En su sufrimiento, los niños del libro de Alexiévich fueron mucho más allá del llanto. Con edades comprendidas entre los tres y los catorce años, lloraron desconsoladamente, por supuesto, pero también gritaron desconcertados por la muerte de sus padres, madres, hermanos y abuelos. La mayoría quedaron traumatizados.
“¿Por qué le dispararon en la cara? Mi madre era tan guapa...”, se pregunta Volodia Korshuk, un profesor y doctor en historia entrevistado por Alexiévich en Últimos testigos. Tenía siete años cuando perdió a su madre. A su ciudad, Brest, en la frontera de Bielorrusia con Polonia, la guerra no tardó en llegar. La ofensiva del III Reich obligó a una traumática evacuación que, para Korshuk, supuso de inmediato una vida como niño-soldado en la resistencia. “Era bueno disparando”, cuenta Korshuk a Alexiévich.
Liuda Andreeva tenía cinco años cuando la guerra llamó a la puerta de su hogar. Un día un camión de soldados alemanes paró frente a la casa de su familia donde vivían ella, su madre y su abuela. Los militares ocuparon su casa por un día. Utilizaron la cocina para cocinar. Llevaron a la niña a un cuarto con su abuela. Por la noche, la madre logró escapar con la niña para esconderse. A la mañana siguiente, cuando los alemanes ya se habían ido, volvieron a casa.
Encontraron a la abuela desnuda, atada con cuerdas a la cama. “Grité y grité... no podía parar”, cuenta ya de adulta Liuda Andreeva a Alexiévich. “Durante mucho tiempo tuve miedo de los camiones. Tan pronto como oía el sonido de un camión, comenzaba a temblar”, dice.
Galya Spannovskaya vio empezar la guerra con siete años. Estuvo separada de sus padres tres años en un orfanato. Ella y su madre perdieron pronto a su padre. Su madre se hizo soldado durante el conflicto. Pero la experiencia de la guerra cambió a su madre para siempre. “Mi madre era muy buena, muy alegre”, cuenta esta otra entrevistada por Alexiévich. Después de la guerra, “volvimos a Minsk y vivimos una vida muy dura”. En La capital bielorrusa sólo encontraron escombros.
“Mi madre siempre estaba triste. No hacía bromas y hablaba muy poco. Por las noches gritaba: ¿Dónde está mi madre alegre? Pero por la mañana yo sonreía para que me madre no pudiera imaginarse mis lágrimas de la noche”, se lee en la obra.
Una autora “anti-Putin”
Alexiévich también da la palabra a niños que ayudaron a cavar las tumbas de sus familiares asesinados. También recoge testimonios de menores que corrían para esconderse en los bosques y huir así de las balas y bombas de los aviones que atacaban sus poblaciones.

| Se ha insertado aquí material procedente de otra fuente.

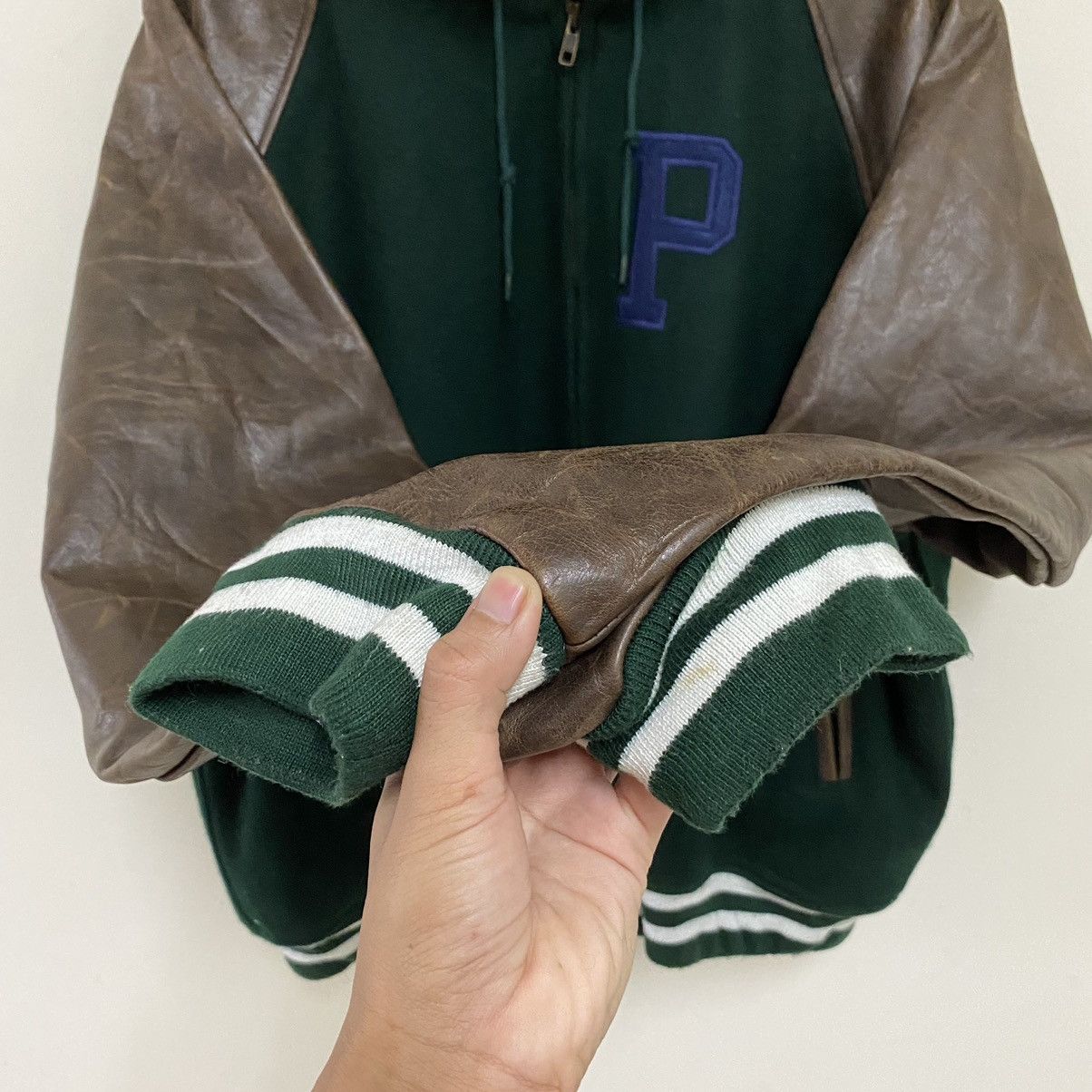 Polo Ralph Lauren VTG 90’s Polo Sport Hybrid Leather Patina Sleeve Jacket Size US L / EU 52-54 / 3 - 14 Thumbnail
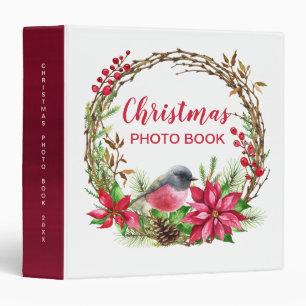 Watercolor Wreath Poinsettia & Bird Christmas 3 Ring Binder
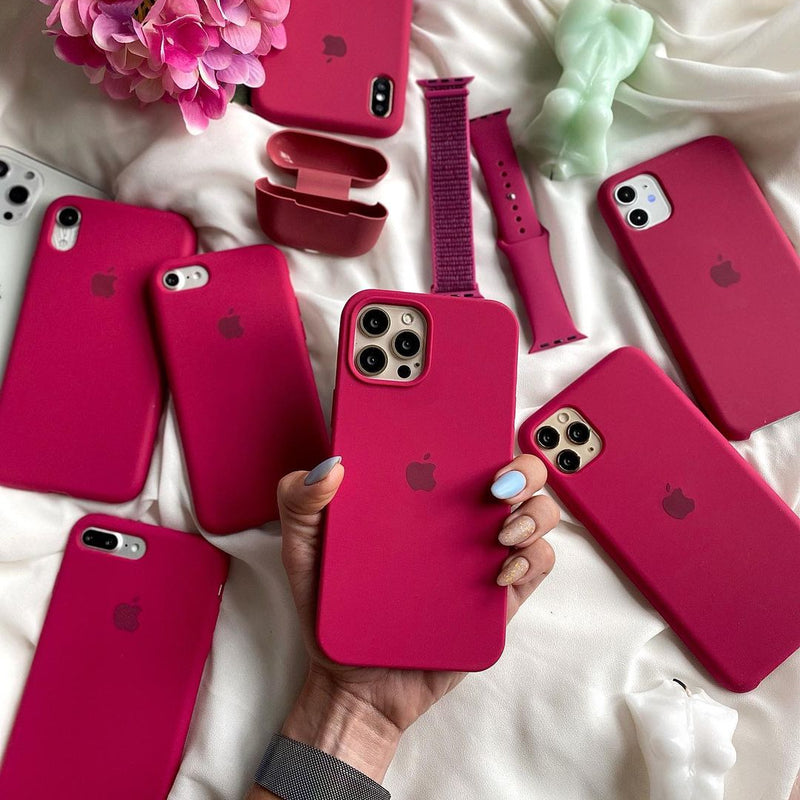 Rose Red iPhone Silicone Case with MagSafe Charger Support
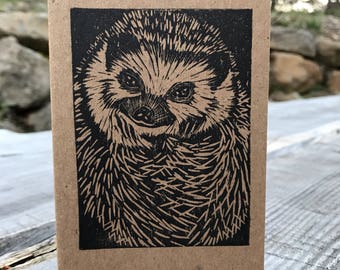 Hedgehog Block Printed Journal - Small Linocut Kraft Paper Journal - Blank or Lined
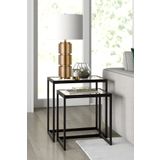 TOLIAHOME Modern Siyah Renk Metal İskeletli Temper Camlı Zigon Sehpa Yan Sehpa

Valya Brinskaya, otra de las entrevistadas, vio junto a su familia cómo a su hermana Toma le cambiaba el color del pelo por culpa del estrés causado por el peligro de muerte. Vieron cómo todo su pelo se convertía en canas, en un sólo día, tras haber sobrevivido a un bombardeo a la intemperie y bajo la única protección de los árboles.

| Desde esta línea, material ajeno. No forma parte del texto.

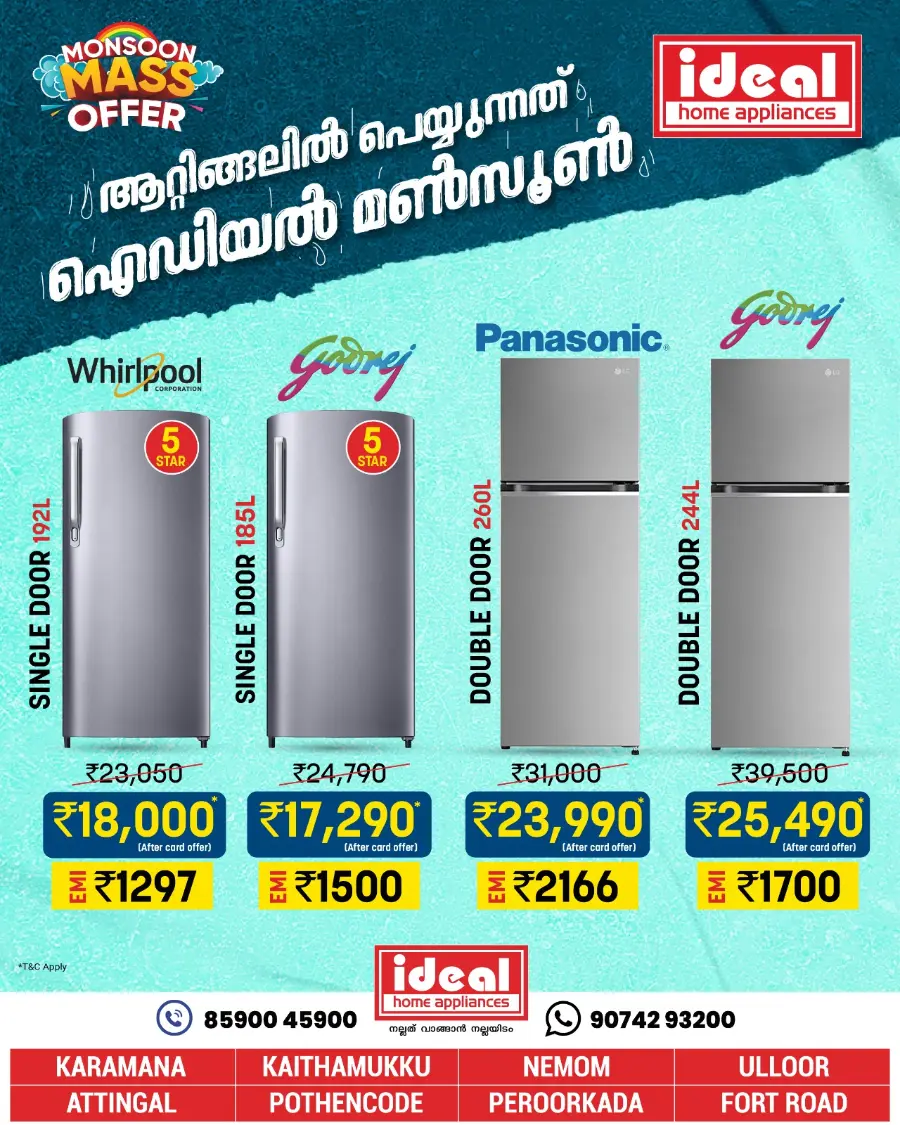Monsoon Mass Offers – Shop More, Save More! In Ideal Home Appliances Trivandrum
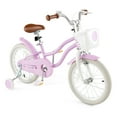 thumbnail image 1 of Gymax 16'' Kids Bicycle Children's Training Bicycle w/ Removable Training Wheels & Basket Purple, 1 of 9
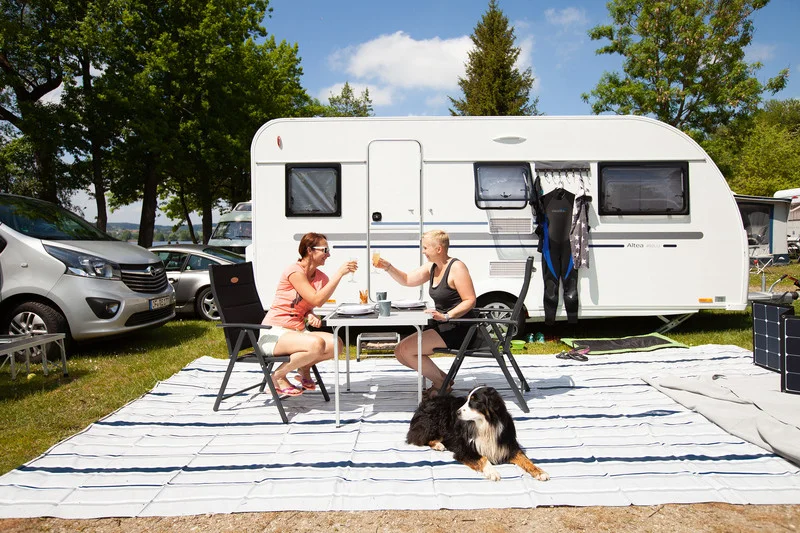 Koberec předstanový / podložka pod markýzu 650 × 300 cm (480 g/m²) s taškou – šedý 308509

Muchos de éstos niños acabaron en orfanatos pasando a ser una suerte de “propiedad comunal para toda la nación”, según ha apuntado la escritora estadounidense de origen georgiano Sana Krasikov en el The New York Times. En cualquier caso, a todos esos niños, la guerra les destrozó la infancia. Los horrores de la guerra se llevaron los colores de la niñez. En muchos de los testimonios se alude a que la vida, desde entonces, solo dejó “recuerdos grises, sin colores”.
Porque sus investigaciones siempre estuvieron centradas en pasajes más traumáticos y conflictivos del mundo soviético – ya sea en el la catástrofe nuclear de Chernóbil en el libro Voces de Chernóbil o la ocupación militar en Afganistán en Los muchachos de zinc –, Alexiévich nunca ha sido profeta en su tierra. A Alexiévich se la ha considera incluso una autora “anti-Putin”.
Sin embargo, todos sus libros están hechos a partir de monólogos y entrevistas que la escritora y periodista solo transcribe. Su trabajo consiste, mayormente en dar la palabra a quienes se la negaron en su momento. La de los niños de la Segunda Guerra Mundial está ahora más que nunca al alcance de todo el mundo.